Yes it was. Evelyn knew this. Hiram probably knew this. But it didn’t matter. It was a nice enough thing to say, even if it was just words.
“I feel like you’re ignoring the fact that it’s already messed. Apart from the fact that our loving each other doesn’t translate to liking each other, there’s also the whole issue of whether or not we could actually cohabitate. We’re not like you and Connley. You guys are wired the same way. You were practically born living together.”
“Connley and I absolutely aren’t wired the same way.” This seemed obvious to him, but it wasn’t really how it looked to her. “You’re just going to have to go on instinct with this one. You know I like her, so my advice isn’t really objective. You like her too, even if you say you don’t. But I’m not going to dictate your life for you.”
Evelyn looked at her feet. It was clear that life-dictation was what she wanted. She didn’t want advice. She wanted the answer.
In spite of everything; the ambition, the seriousness, the few odd strands of grey in her hair... she was still just a kid.
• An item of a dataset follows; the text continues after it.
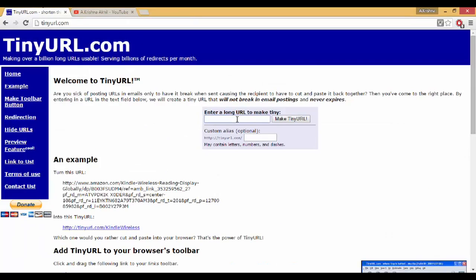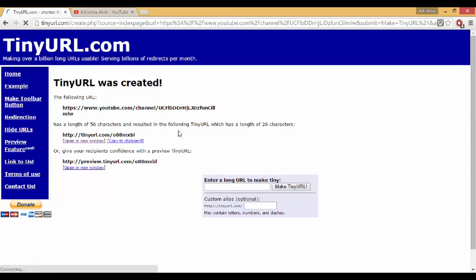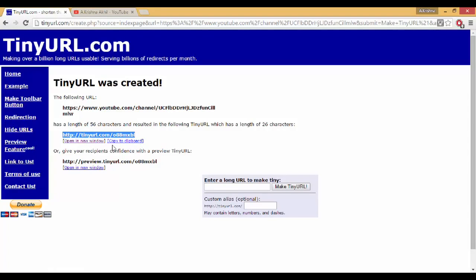Just paste it over there and click on make tiny URL. So you'll see there's a new URL tinyurl.com slash 088mxbl. To check it out, just copy it and paste it in your search bar of your browser.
That was the thing about Evie. Hiram got older and more mature and moved up in the world, as people do. Evie had surely moved up in the world (it was already obvious that it was only a matter of time before she was put a position of power), but she never stopped being baby Evie. Sometimes she was responsible and commanding (formidable, even), but sometimes (like now) she was just a child in grown-up clothes.
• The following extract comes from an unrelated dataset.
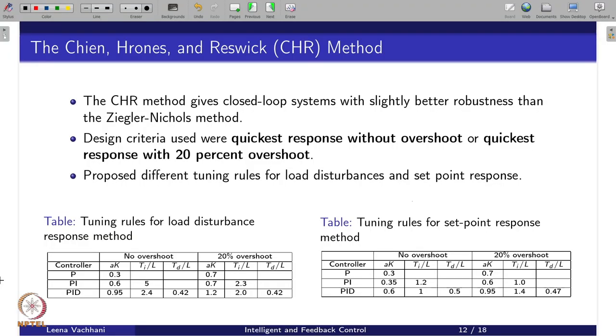We saw one kind of PID tuning method which was the ZN method. Now we will look into certain other methods that are also very popular. One of them is the Chien-Hrones-Reswick, or CHR method. The ZN method was used for getting the quickest response in terms of amplitude decay — specifically, the quarter amplitude decay was the criteria. Let us see what criteria is followed in the CHR method.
“Call me crazy, but I don’t feel like this is helping. What do you want me to do?”
Evelyn was good at keeping up appearances. Faking came naturally. Lying was second nature. Secrets were everywhere. But something about this situation broke something inside of her. There was no point in pretending to be okay. None at all.
She leaned onto his shoulder and closed her eyes. Her throat began to hurt, but she didn’t cry.
“I want you to just be here.”
She had never said anything more true. They sat like that, saying nothing, for quite a while. Connley came back in to find Hiram back in his book, Evie asleep with her head in his lap. Hiram looked up from his book, "I'll be to bed in a while." He spoke softly, careful not to wake his slumbering charge. "I need to stay for a bit longer."
And so he stayed. She was just a kid, and she was his.